The rest of Perkins’ letter goes back and forth between portraying the administration as fixated on gay rights and unconcerned about persecuted Christians. “We had no choice but to stand up for Meriam — because the Obama administration wouldn’t, and didn’t.”
“I urge you to stand with FRC Action again today as we fight back against the Obama administration’s outrages — their devotion to the cause of sexual immorality and their simultaneous indifference toward Christians suffering persecution for their faith.”
All the while Perkins portrays advocacy for the human rights of LGBT people — who certainly face brutal persecution in many parts of the world — as extremism.
When we see the rainbow flag of the homosexual movement flying over our embassies in Tel Aviv, London, and Prague, we can see with our own eyes what an extremist is sitting in the Oval Office.
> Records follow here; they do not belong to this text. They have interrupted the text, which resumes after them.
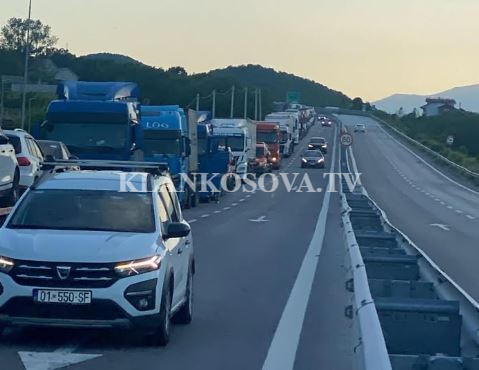 Krijohen kolona të gjata të kamionëve në Morinë (VIDEO)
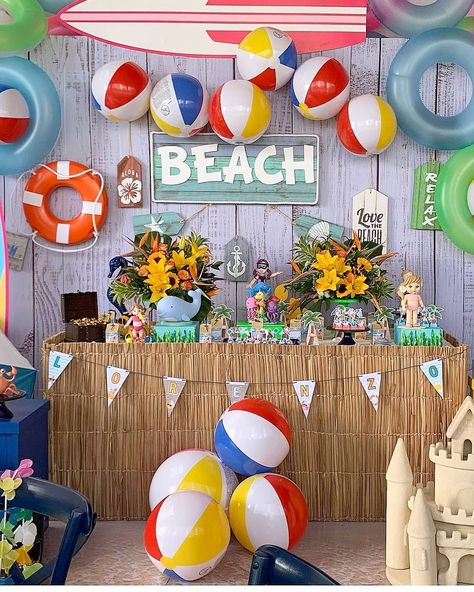 @inspirafestas shared a photo on Instagram: “Beach Party. . 📸 @brinquefest . #partydecor #beachparty #festanapiscina” • Feb 25, 2021 at 12:59am UTC Beach Backdrop Party, Lifes A Beach Party Theme, Summer Party Photo Booth, Beach Theme Photo Backdrop, Beach Party Indoor, Indoor Beach Party Decorations, Beach Day Party Ideas, 60th Beach Birthday Party, Beach Theme Decorations Party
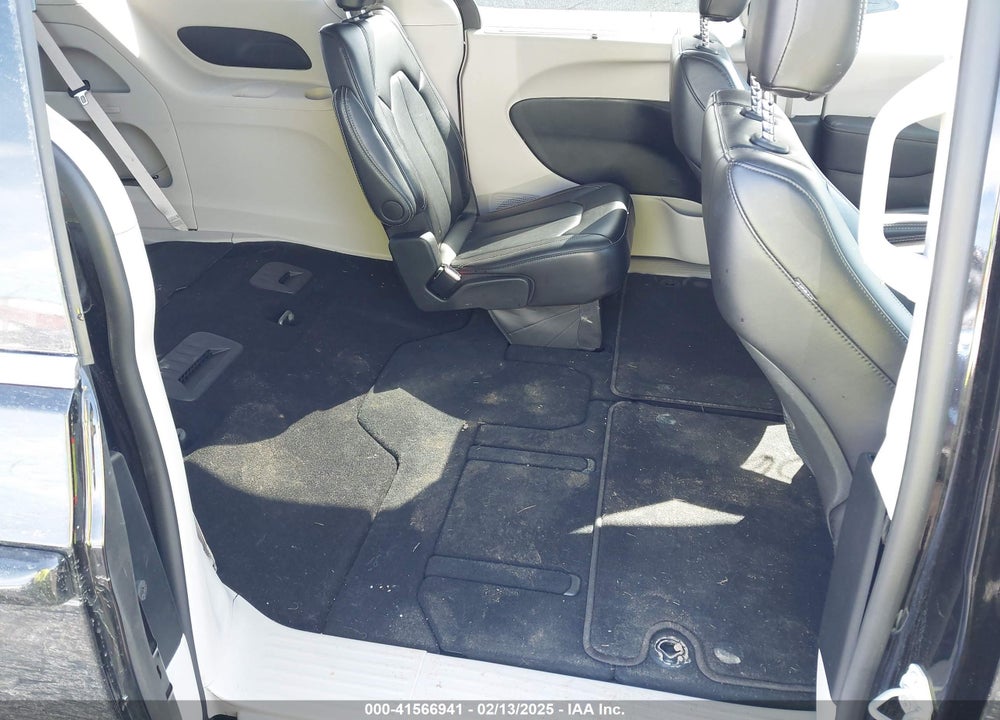 2024 CHRYSLER PACIFICA TOURING L VIN: 2C4RC1BG5RR151921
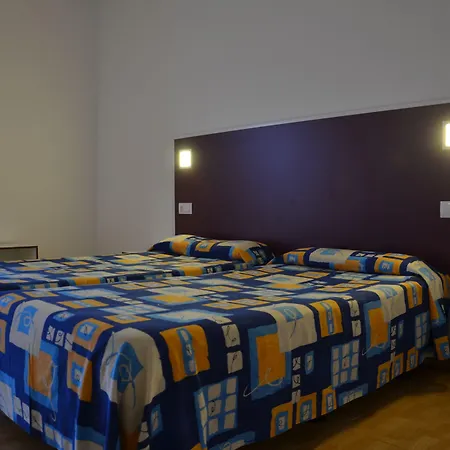 מלון Casa Del Sol 3*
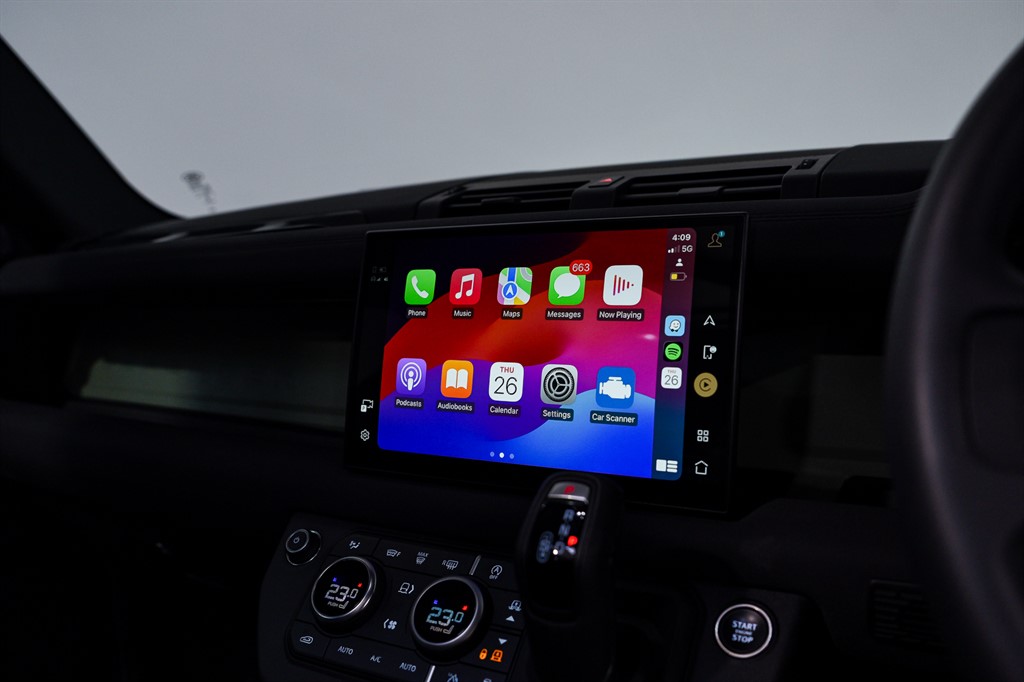 Used Land Rover Defender 2024 for sale - 77699007: Photo 23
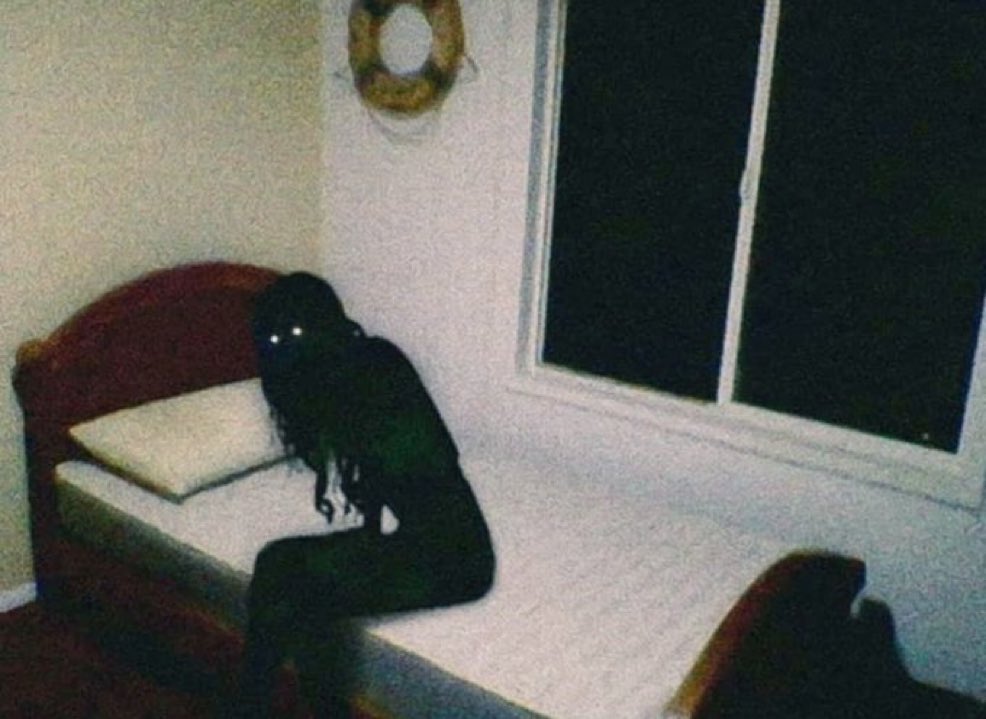 AveCezare tweet media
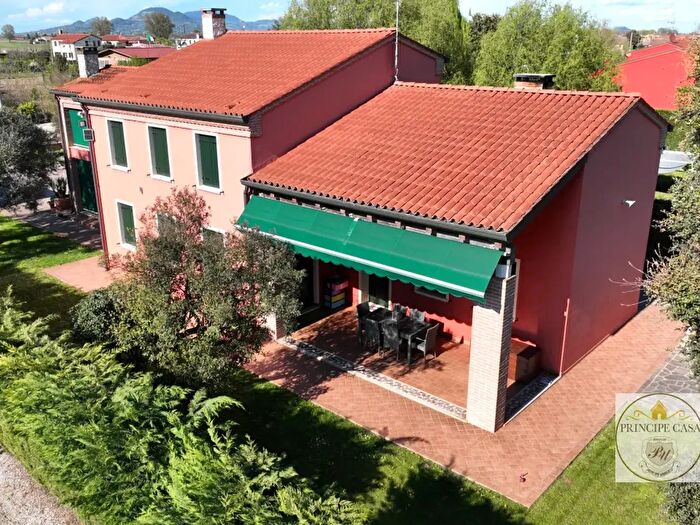 Casa quadrilocale in vendita in Villa Estense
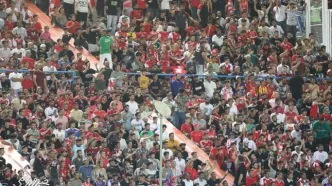 ویدیو| شعار «حیاکن، رهاکن» هواداران پرسپولیس علیه درویش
Similar language appears in a September 6 fundraising email from Perkins, which says in part:
With President Obama promoting the homosexual movement around the world through the Obama administration, yet not working to prevent Christians from being persecuted, jailed, even tortured and killed for their faith, FRC Action’s work has grown more important than ever before.
As far as we can tell, Perkins and other Religious Right leaders haven’t raised much of a ruckus about the persecution of Saudi blogger Raif Badawi who faces 10 years in prison and 1000 lashes after being convicted of “insulting Islam” by calling for religious tolerance, or about the imprisonment in Indonesia of Alexander Aan for publicly declaring himself an atheist.
The Values Voter Summit
Meriam Ibrahim may consider an appearance at the extremism-heavy Values Voter Summit as an opportunity to thank the thousands of Americans who advocated on her behalf while she was suffering in a Sudanese prison cell, and to celebrate the freedom of religion that she and her family enjoy in America.
Unfortunately, her attendance at the Values Voter Summit will put her in the company of people like the American Family Association’s Bryan Fischer, who argues that the First Amendment does not protect religious minorities in the U.S., and the Family Research Council’s Tony Perkins, who argues that Christians whose beliefs on the equality of LGBT people differ from his do not deserve “true religion freedom.” And it will include many activists, like the Benham Brothers, who cry anti-Christian persecution despite their own record of working to restrict the religious and political freedoms of others.
Americans of every political and religious stripe can admire Ibrahim’s exceptional strength and courage in the face of real persecution. The same cannot be said for those who are trying to exploit her moral authority to advance their own political agendas.